Chamber opera has become trendy. They are likelier to achieve performances than a full-sized production involving many more singers, perhaps a chorus, and a much larger orchestra, to say nothing of elaborate sets, and costumes for the entire cast. Young and little-known composers may choose this genre to achieve performances. But even highly regarded, successful composers, with full-scale operas ito their credit, may find significant virtues in works of modest size.
Jake Heggie has long since become one of our leading opera composers, starting with his first full-scale opera, Dead Man Walking. He has continued to work in the form, including operas such as Moby Dick and It’s a Wonderful Life. But he has also written quite a few works of more modest size, of which one of the most successful, in terms of the number of productions, is Three Decembers, which opened in a production by the Berkshire Opera Festival at the Pavilion Theater, PS21/Performance Spaces for the 21st Century, in Chatham, New York, on Thursday evening, and repeats Saturday afternoon at 1:00pm.

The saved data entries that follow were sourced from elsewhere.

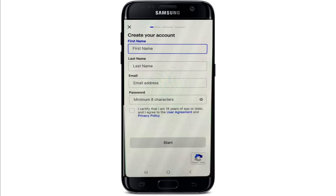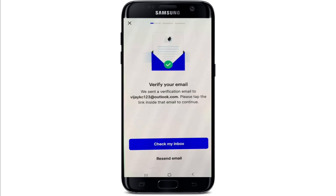Once you are done, tap on "I certify that I am 18 years of age or older and I agree to the user's agreement and privacy policy." Make sure you're 18 years or older in order to create an account, and finally tap on "Start."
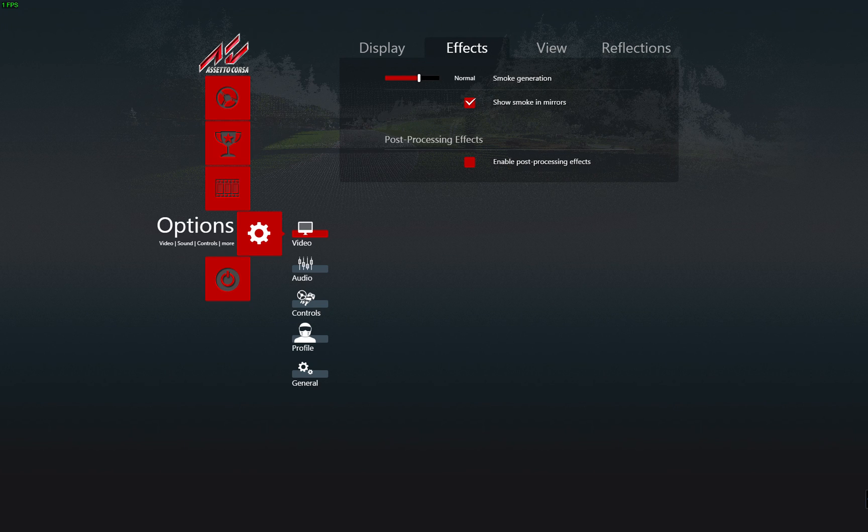Then you have to uncheck the Enable Processing Effects.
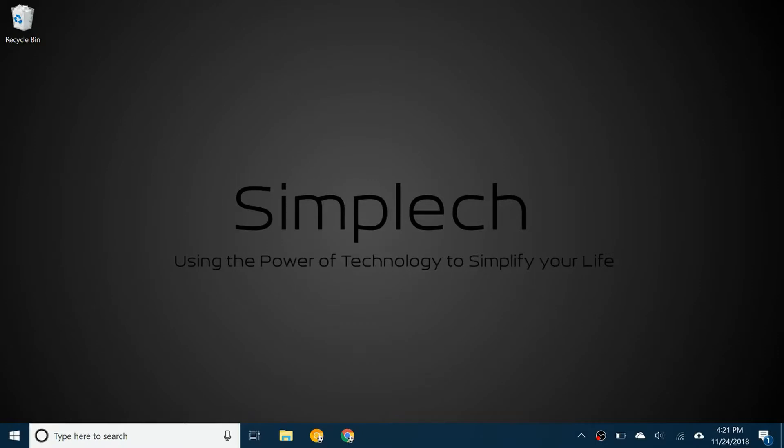Hello everybody and welcome back to a brand new video. Today I'll be showing you how to install Eclipse IDE for Java developers. Eclipse is an IDE or Integrated Development Environment and it works with a few different programming languages.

The production glows with passion for both musical and dramatic values from all concerned.
Three Decembers grew out of a short, unpublished play written by the late Terence McNally (Heggie’s librettist for Dead Man Walking), for an AIDS benefit in 1999. The original title was Some Christmas Letters, dealing with a Broadway star and her grown son and daughter, and their search for ways to overcome the personal challenges between the three of them. After Terence McNally’s death, the libretto was written—expanding on the short original play—by Gene Scheer into a text beautifully designed to be set to music. (We saw Scheer in the house last night.)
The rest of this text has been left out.